MISSA DE CINZAS PRESENTES
Não sou aquilo que demonstro ser.
Alguns me acham alegre; outros, então,
nada dizem do que eu possa parecer,
pois são incapazes de sondar meu coração.
Quantas vezes me sinto triste e vazio,
sem ter com quem contar o que vai
dentro deste meu ser que ri desolado
do fogo pálido do pavio,
que não demorará a ser sufocado.
Vivo sonhando, no mundo da lua,
onde o real para eles a mim é fantasia,
pois, perdido dentro das noites na rua,
já não me resta mais alegria.
Sei quem sou eu por ouvir alguém dizer;
de outra forma eu não saberia
nem mesmo como me proceder
neste mundo sem alegria.
Às vezes chego a sentir grande atração
pelo fogo que nos incêndios vejo,
a ponto de ser meu maior desejo
o de findar em chamas como o carvão.
É bem provável que isto venha a ocorrer,
pois com tanto papel espalhado à minha volta
eu não consiga nem mesmo abrir a porta
no momento em que o incêndio vier a acontecer.

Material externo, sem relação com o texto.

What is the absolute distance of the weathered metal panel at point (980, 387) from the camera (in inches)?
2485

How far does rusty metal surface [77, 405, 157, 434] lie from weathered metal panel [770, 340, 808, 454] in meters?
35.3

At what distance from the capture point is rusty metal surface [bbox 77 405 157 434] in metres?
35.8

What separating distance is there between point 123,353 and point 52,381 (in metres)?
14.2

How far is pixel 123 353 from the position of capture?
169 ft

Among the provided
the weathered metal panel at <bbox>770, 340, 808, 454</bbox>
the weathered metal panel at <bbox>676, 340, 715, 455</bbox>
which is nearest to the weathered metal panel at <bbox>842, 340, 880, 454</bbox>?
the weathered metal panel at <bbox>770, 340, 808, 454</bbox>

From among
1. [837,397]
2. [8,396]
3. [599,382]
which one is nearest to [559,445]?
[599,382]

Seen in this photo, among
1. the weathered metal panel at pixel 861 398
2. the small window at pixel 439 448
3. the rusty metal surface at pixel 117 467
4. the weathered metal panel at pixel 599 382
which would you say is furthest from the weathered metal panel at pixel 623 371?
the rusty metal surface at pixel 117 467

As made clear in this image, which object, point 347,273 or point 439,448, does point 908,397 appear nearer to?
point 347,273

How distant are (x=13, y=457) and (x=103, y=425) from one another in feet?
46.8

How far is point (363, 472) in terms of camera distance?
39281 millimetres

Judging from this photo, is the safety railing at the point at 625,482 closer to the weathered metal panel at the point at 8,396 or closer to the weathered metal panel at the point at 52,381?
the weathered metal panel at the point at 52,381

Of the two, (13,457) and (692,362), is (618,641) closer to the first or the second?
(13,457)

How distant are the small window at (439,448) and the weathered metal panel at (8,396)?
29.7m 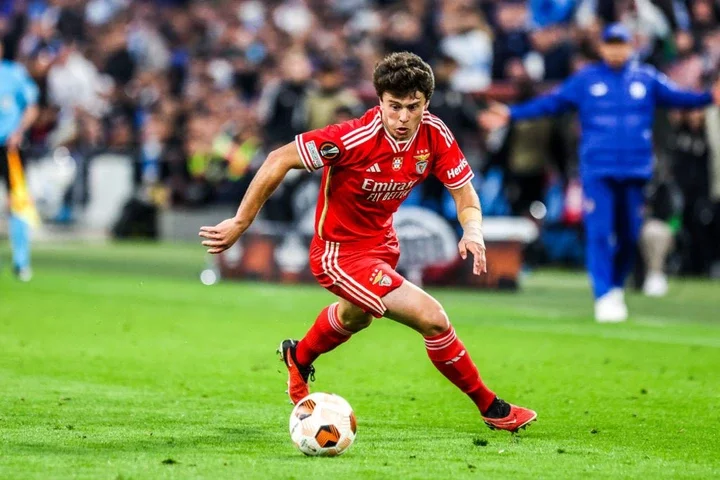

Assim, sem ter mais para onde fugir,
verei tudo de mim ser destruído,
enquanto pelas chamas serei engolido
e sem nenhuma chance de resistir.
As línguas do fogo que me lamberão
levarão minhas digitais, minhas mãos,
meus pensamentos, meu corpo e tudo de mim.
Minha pele desidratada e minha carne pobre.
Secarão meu suor, minhas lágrimas e meu sangue
nobre.
Queimarão meus ossos, tudo, até que eu chegue
ao fim.
Nada mais restará de mim.
Ninguém mais ouvirá nenhum soneto,
nenhum verso, nenhuma poesia.
As noites agora dormirão tranquilas, serenas.
Nem mesmo o vento soprará com vigor.
Nem as estrelas chorarão do infinito.
A chuva será mais mansa.
Os bichos não mais falarão alto
e as letras desarmonizadas pelo chão
já não saberão mais compor nenhum refrão.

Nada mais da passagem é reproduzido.